2. You want to have resources available when emergency strikes.

Have you ever been in a situation where just as you were getting ahead financially, your car died and you had to pay for expensive repairs? Yep. Thought so. We’ve all been there.

Already having a mountain of debt could affect your ability to get an emergency loan for that car or roof repair. In other words, if you are forced to pay your mechanic for an engine overhaul instead of paying the Best Buy credit card bill, you can bet your bottom dollar one thing will happen:

Stress and tension in the marriage will go through the roof when the bill collectors start a ringin’.

3. Being in debt could be a sign of a deeper, emotional issue.
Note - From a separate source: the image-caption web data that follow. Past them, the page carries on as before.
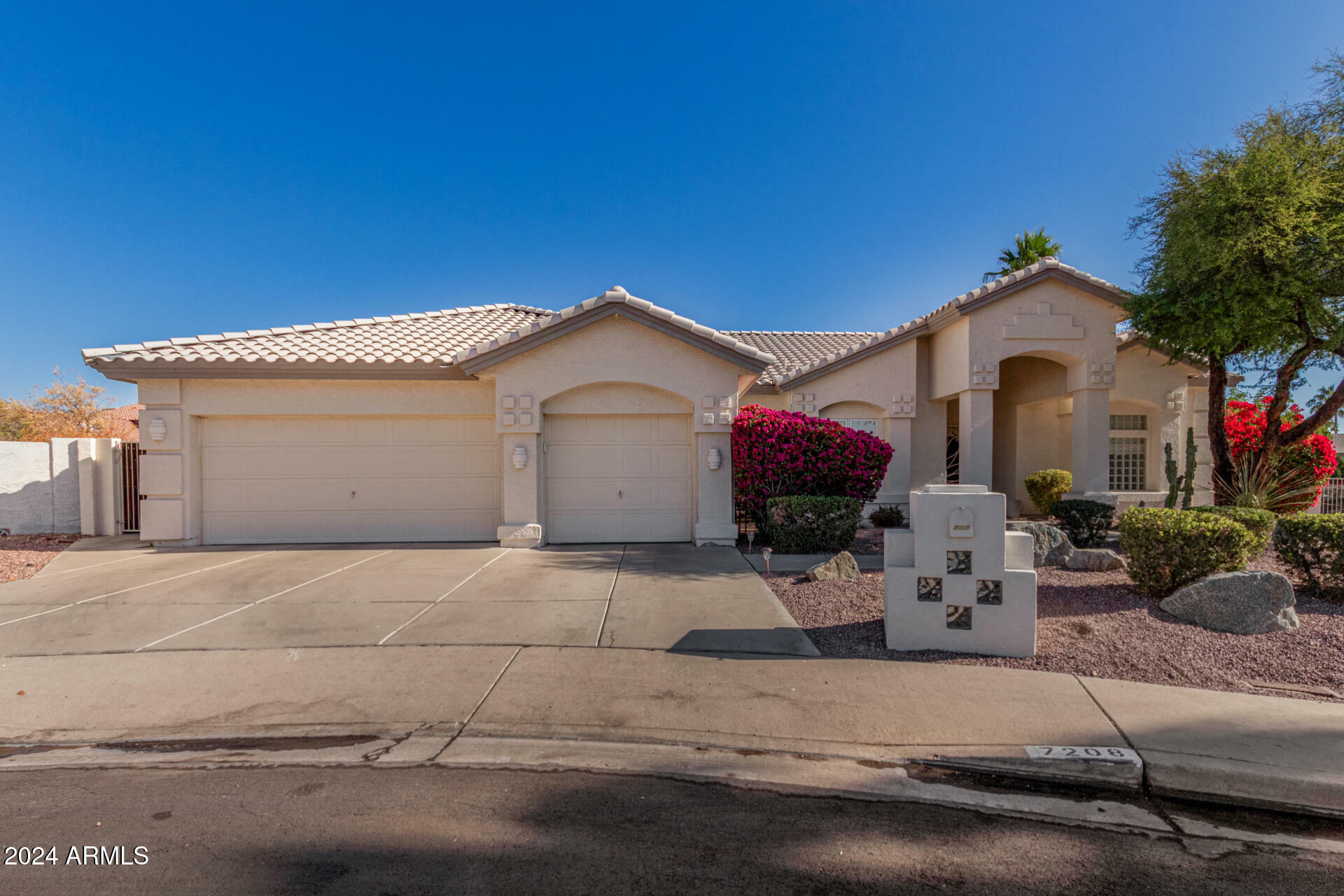 Property Photo:  7208 W Sack Drive  AZ 85308 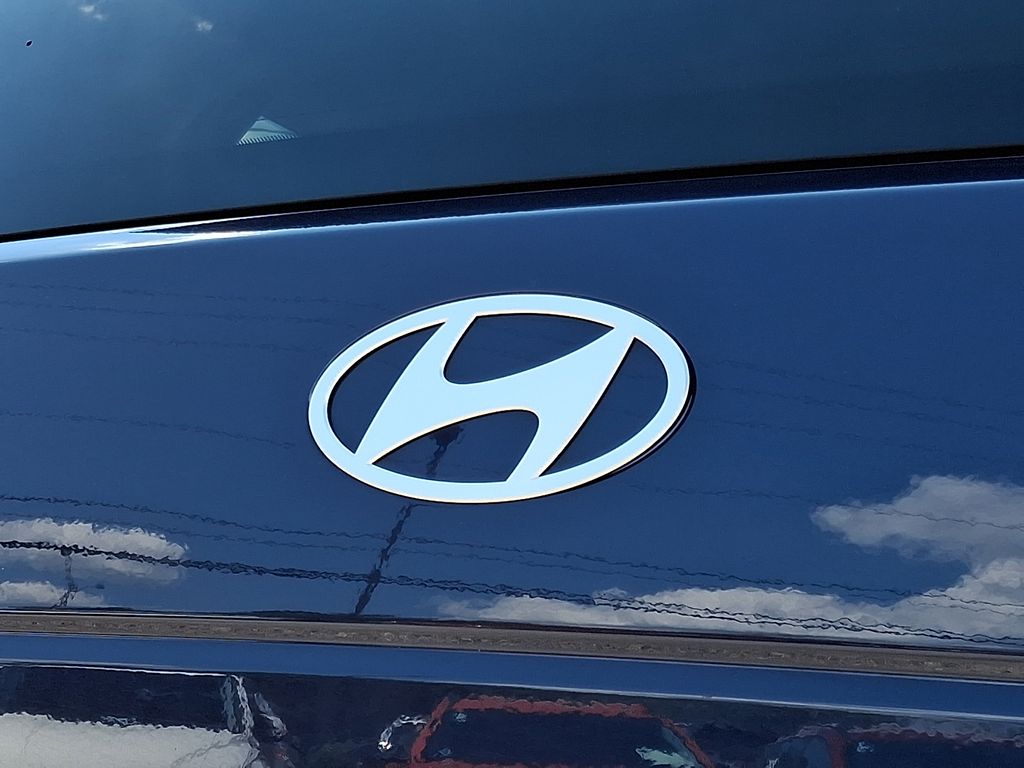 Thumbnail: 2025 Hyundai Santa Fe - 7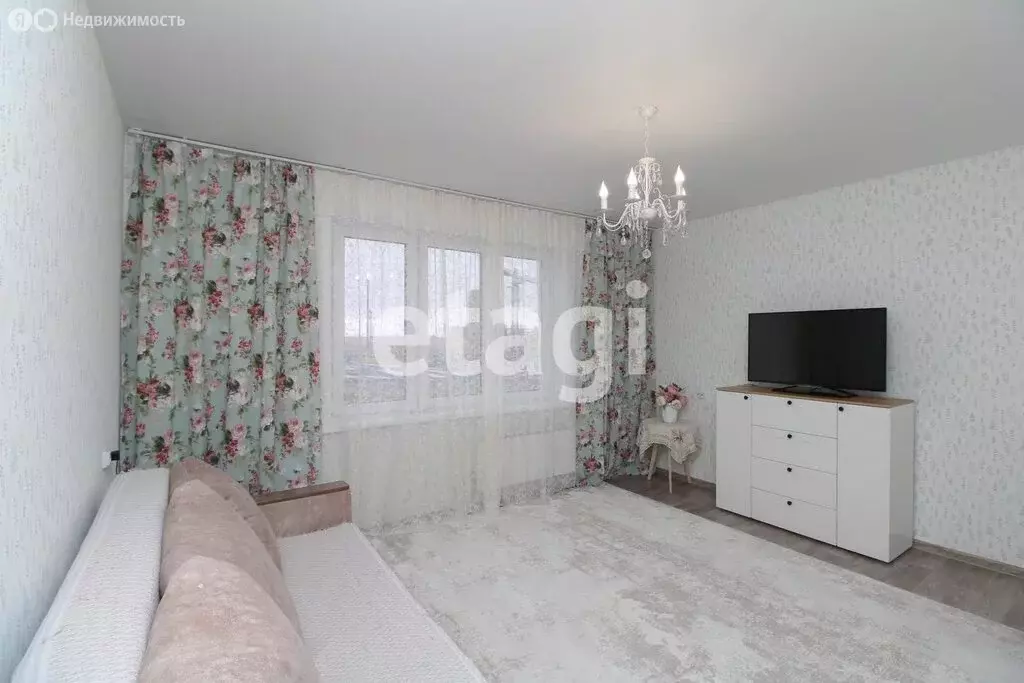 3-комнатная квартира: Красноярск, улица Светлова, 38 (65.6 м) - Фото 1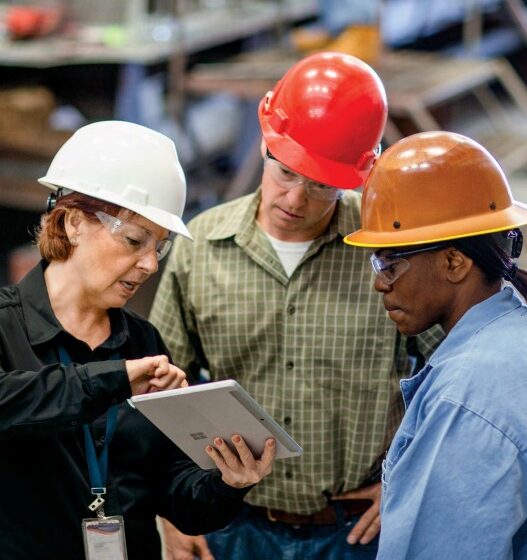  Three Ways Technology Can Improve Operational Efficiency for Frontline Workers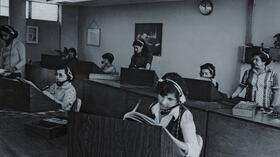 Las operadoras, que en su mayoría eran mujeres, se encargaban de conectar las llamadas con los usuarios, teniendo acceso a todas las líneas de la ciudad.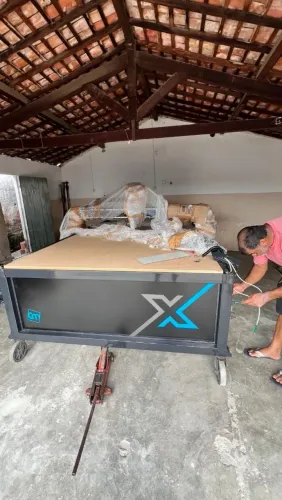 Vende-se Maquina CNC semi-nova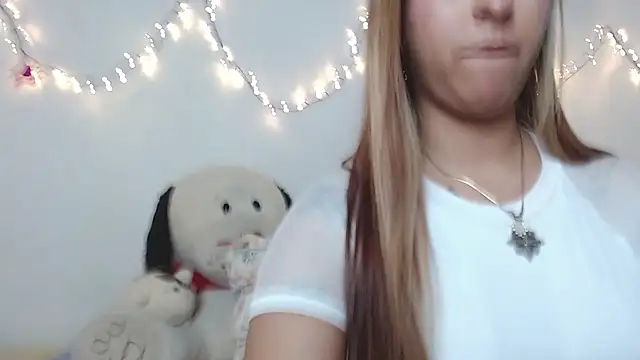 Ximena_Pink1 webcam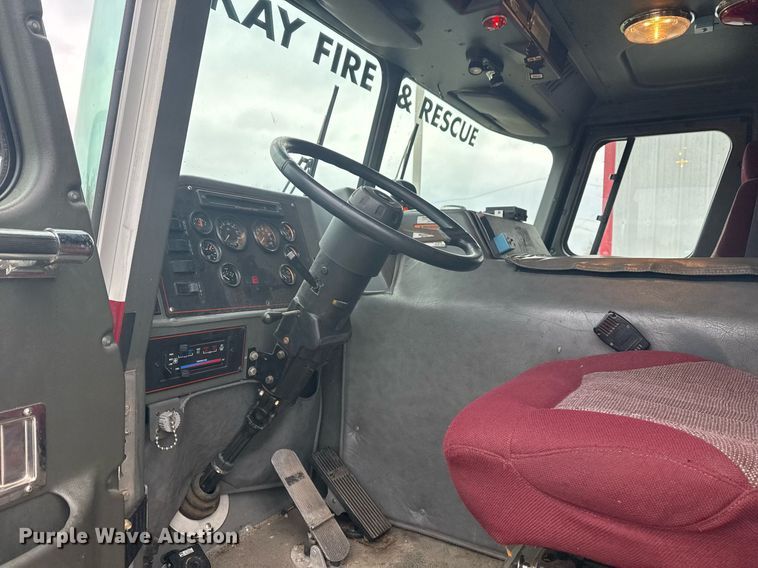 image for item DO7648 1998 Emergency One pumper fire truck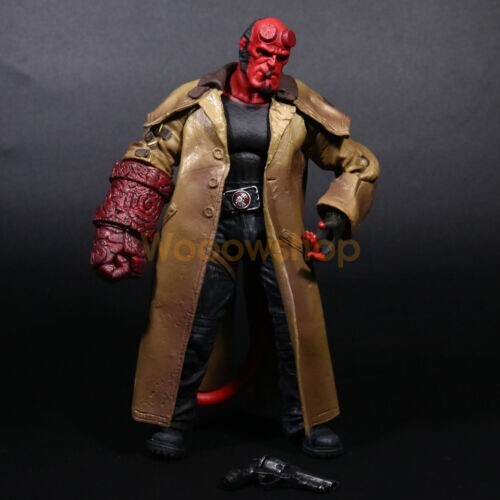 Hellboy The Golden Army Action Figure Mezco 18cm Trench Sigaro Idea Regalo - Imagen 4 de 24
Just like alcoholism, spending can be an addiction. A spending “problem” doesn’t mean a person isn’t “good.” It could, however, mean a person is satisfying an emotional need by heading to the casino with credit cards in hand every weekend. As with any other addiction, the one with the “problem” has to acknowledge the “problem” to begin the recovery process. The failure to admit a problem while single-handedly causing the financial destruction of your relationship or your partner’s credit will certainly doom the marriage.

4. The excessive debt of one party could be a sign that you don’t share the same values.

When you are feeling that crazy high you get from being in love, you might overlook something big: similar values over spending and money.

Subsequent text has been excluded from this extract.